══ Information provided ══
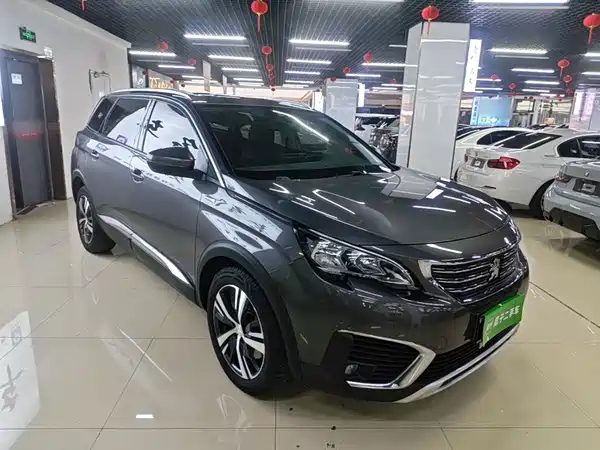 Peugeot 5008 2018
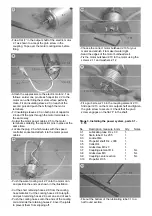 Preview for 28 page of Krick ro1160 Assembly And Operating Instructions Manual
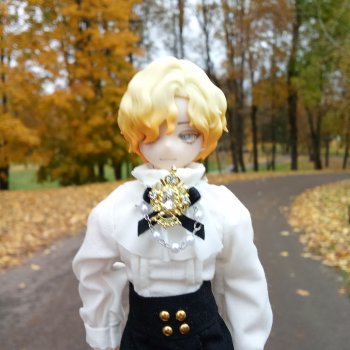 Прогулка по осеннему городу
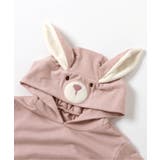 アニマルフード付きボディースーツ | F.O.Online Store | 詳細画像13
═══
Problem to solve: Please output the material as written, apart from the images.

Your solution:
 Peugeot 5008 2018
 Preview for 28 page of Krick ro1160 Assembly And Operating Instructions Manual
 Прогулка по осеннему городу
 アニマルフード付きボディースーツ | F.O.Online Store | 詳細画像13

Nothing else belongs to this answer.